Sweet tea; the oldest most exceptional southern tradition. It’s refreshing, sweet, cold, and you probably have a pitcher of it in your refrigerator right now. It’s easy to take this southern staple for granted when you’ve had it with almost every meal growing up, but there is actually quite a bit of history to this American classic.
While the world has been cosumming hot tea for thousands of years, iced, sugary tea has only been popular since the 19th century. There is evidence that the first tea plants were brought into the country in the 1700s, and were planted in a colony in South Carolina by French explorer Andrew Michaux. South Carolina is the first place in the United States where tea was grown, and the only state to have ever produced tea commercially.
The sweet tea you know today is much different than what people of the old days consumed. Generally, green tea plants were used and it was flavored with citrus, or even liquor. In fact, most sweet tea recipes then were mixed with alcohol, and typically referred to as “punches”, and served exclusively at lavish parties. The oldest known recipe for cold, sweetened tea was published in 1879 by Marion Cabell Tyree. In her recipe she called for “a pint and a half of very strong tea, pour it boiling hot on one pound and a quarter loaf of sugar, half a pint of rich, sweet cream, and a bottle of claret or champagne”
It wasn’t until the 1900s that the use of black tea became popular, when a man named Richard Blechynden serving hot tea at the World’s Fair realized the heat was too intense, and started offering free black tea over ice to fair-goers, and because of this, it changed the way American’s thought of tea, thus popularizing iced tea. Although he did make the drink popular, he is often credited with the invention, but there had already been several publications of the cold drink in various cookbooks in prior years.

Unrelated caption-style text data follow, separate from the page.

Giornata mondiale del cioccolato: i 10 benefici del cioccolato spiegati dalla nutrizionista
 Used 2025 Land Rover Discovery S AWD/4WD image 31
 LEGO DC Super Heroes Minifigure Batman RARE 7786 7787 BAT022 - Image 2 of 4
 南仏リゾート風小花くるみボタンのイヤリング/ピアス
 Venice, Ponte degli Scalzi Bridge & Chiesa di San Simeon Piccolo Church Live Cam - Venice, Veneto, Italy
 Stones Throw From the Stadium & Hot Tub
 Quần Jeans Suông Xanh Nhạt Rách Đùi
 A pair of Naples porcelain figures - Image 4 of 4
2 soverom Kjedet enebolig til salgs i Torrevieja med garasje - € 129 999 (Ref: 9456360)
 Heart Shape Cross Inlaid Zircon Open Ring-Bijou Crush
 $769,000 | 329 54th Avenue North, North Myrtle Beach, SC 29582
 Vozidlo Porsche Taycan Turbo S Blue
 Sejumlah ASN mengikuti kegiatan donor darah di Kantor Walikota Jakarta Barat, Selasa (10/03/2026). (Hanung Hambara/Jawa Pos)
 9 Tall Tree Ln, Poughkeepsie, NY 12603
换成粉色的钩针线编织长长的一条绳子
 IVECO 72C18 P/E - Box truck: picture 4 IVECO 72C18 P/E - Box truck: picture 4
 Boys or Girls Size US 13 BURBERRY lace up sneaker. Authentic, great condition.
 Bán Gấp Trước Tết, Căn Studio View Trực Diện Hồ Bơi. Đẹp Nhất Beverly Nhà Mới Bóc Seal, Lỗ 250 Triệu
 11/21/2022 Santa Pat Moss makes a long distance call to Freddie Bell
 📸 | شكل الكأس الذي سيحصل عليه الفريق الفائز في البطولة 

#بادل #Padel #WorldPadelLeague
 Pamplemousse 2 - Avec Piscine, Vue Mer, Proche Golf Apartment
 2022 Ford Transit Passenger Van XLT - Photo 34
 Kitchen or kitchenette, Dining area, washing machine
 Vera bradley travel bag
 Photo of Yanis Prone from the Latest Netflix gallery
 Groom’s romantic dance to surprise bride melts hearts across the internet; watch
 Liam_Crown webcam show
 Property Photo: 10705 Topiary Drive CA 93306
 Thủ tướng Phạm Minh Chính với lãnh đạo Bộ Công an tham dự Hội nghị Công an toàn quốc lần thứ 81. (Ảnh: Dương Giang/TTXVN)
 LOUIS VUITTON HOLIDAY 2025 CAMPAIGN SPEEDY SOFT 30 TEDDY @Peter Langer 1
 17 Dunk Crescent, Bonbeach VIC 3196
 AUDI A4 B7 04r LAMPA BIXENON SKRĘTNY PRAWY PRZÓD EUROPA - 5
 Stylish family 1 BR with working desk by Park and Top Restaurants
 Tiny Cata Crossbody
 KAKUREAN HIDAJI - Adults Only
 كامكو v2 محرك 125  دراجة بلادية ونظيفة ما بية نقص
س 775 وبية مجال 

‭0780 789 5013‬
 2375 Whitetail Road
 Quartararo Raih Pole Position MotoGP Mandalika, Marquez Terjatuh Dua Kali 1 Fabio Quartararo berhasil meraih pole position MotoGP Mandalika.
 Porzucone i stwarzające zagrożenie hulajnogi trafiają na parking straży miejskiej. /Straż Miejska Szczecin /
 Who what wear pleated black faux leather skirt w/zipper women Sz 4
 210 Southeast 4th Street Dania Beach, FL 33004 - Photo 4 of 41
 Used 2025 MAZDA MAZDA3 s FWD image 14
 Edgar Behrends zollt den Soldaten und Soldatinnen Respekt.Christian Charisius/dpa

So, what makes sweet tea southern, you ask? The answer is undoubtedly sugar. Lots and lots of sugar. In 1928 a southern cookbook by Henrietta Stanley Dull, wrote a recipe that remains the standard in the South for years to come. She wrote the recipe that called for tea to be boiled strong to allow for dilution with water, and the sugar was to be put in while hot, cooled, and served over ice. It can be argued that this drink gained such a reputation in the South as it offered a cool refreshment to beat the classic and undeniable summer southern heat. Despite its boozy roots, society changes transformed this drink from party punch to the sweet, wholesome family refreshment you have at your dinner table today.